At least the City of Los Angeles mustered up a collective viewpoint that stated …“Earth Day is an opportunity for communities around the world to increase environmental awareness and show appreciation for our Mother Earth.” But this pussy footing around the enormous issues facing the world should not be tolerated.
Surely you remember one year ago, the largest disaster made by man, decimated Northern Japan. On March 11, 2011, a tsunami battered the shore, destroying the Fukushima Daiichi Nuclear Plant, when hydrogen explosions and the subsequent meltdowns of three reactors released radiation across the region.
New revelations continue to come after the disaster. But the real cost and truth will take centuries to unfold.
Think about this: We are relying on the expertise and planning of our own government and nuclear companies. But should we?
• The Fukushima Daiichi Nuclear Plant had an emergency off-site center five kilometers away from the plant. The site had to be evacuated because the building was not designed to withstand elevated radiation. Epic failure in planning and design.
• The on-site diesel generators eventually failed because they were not designed to withstand flooding. . Epic failure in planning and design.
• Power companies spend more time trying to convince the public that nuclear energy was safe than they spent for real safety measures. Epic failure in planning.
• With out power, there was no procedure to operate the vent valves, so operators had to figure out how to do so manually, a potentially fatal risk. Epic failure in planning and design.
• Having failed to open the necessary valves to reduce pressure for reactor 1 until almost 24 hours after the earthquake. Epic failure in planning and design.
• The government did not have evacuation routes established for local residents in the event of a disaster. Epic failure in planning and design.
• The Japanese military, police and fire department units, used several water cannons and fire trucks, to get to the reactor site doused with seawater and prevent further escalation of the disaster. Epic failure in planning and design.

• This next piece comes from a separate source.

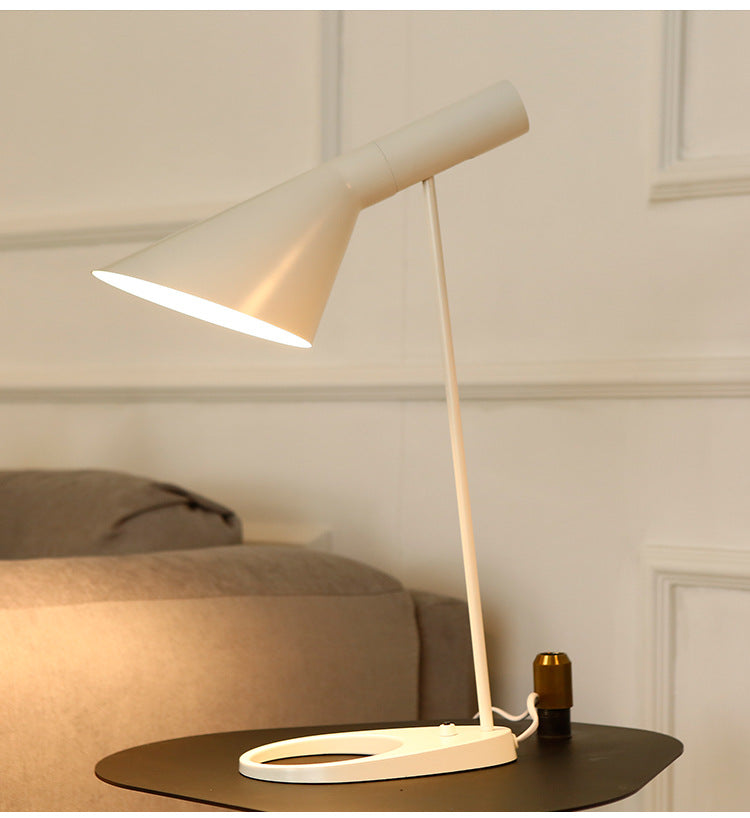 Modern AJ Table Lamp - Loonglight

• The defense forces didn't even have a site map for Fukushima Daiichi plant when its personnel first arrived. Epic failure in planning.
• Four months after the tsunami, TEPCO said it “believed” it had stabilized the temperature inside the reactors, one more step toward the goal of a "cold shutdown”. Epic failure in planning and design.

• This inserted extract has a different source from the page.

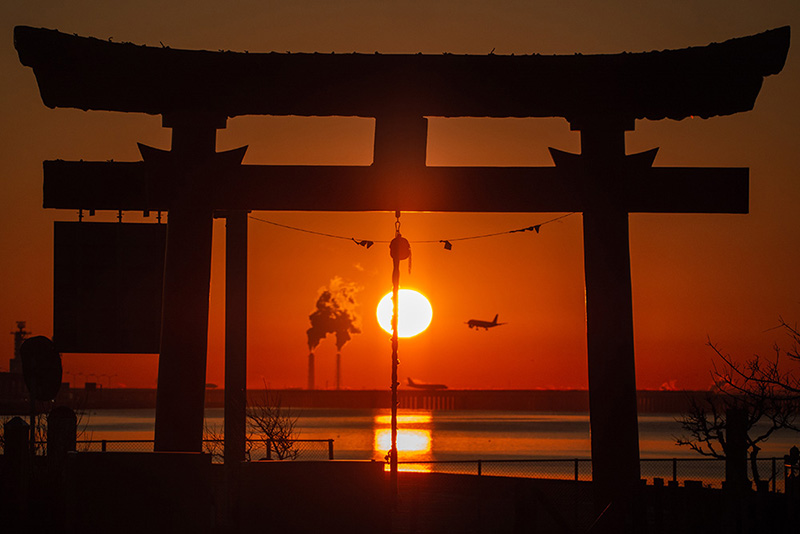 Excellence Award Eiji Nakane "Watched by the Otorii"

• The Japanese government did not reveal the true nature of the disaster, nor did the public learn that TEPCO wanted to withdraw from the site completely leaving an uncontained nuclear meltdown. Epic failure in communication.
• Japanese government never gave its citizens a realistic sense of just how long it would take to get control of the disabled plant, nor what the ongoing risks was as radiation continued to be emitted. Epic failure in communication.
• When a reactor is decommissioned and the spent fuel is removed, the pressure vessel and other things remain a radioactive mass. Your only options are to bury the site or to take the plant apart, and much of the waste becomes general waste. Epic failure in planning and design.
Today TEPCO believes it is in a “state of cold shutdown” but has yet to achieve the real deal. Let’s not forget about Chernobyl. The Chernobyl Nuclear Reactor was sealed with a cement sarcophagus without taking out the fuel. That coffin is crumbling, so they have to make a second, a third and so on.
What will be the fate of the Fukushima Daiichi Nuclear Plant? No…What will be the fate of humanity if we don’t act now and resolve the many design defects of our nuclear plants or begin planning for the process of closing down the plants and utilizing safe alternatives?
I must ask … Why does the systematic suppression and cover up of such life threatening information no longer surprise us? Why have we continued on our path with nuclear energy despite the apocalyptic results?
Ironic that we live in a time where politicians can create a false urgency of global warming to implement new taxation while ignoring real life threatening eco-disasters.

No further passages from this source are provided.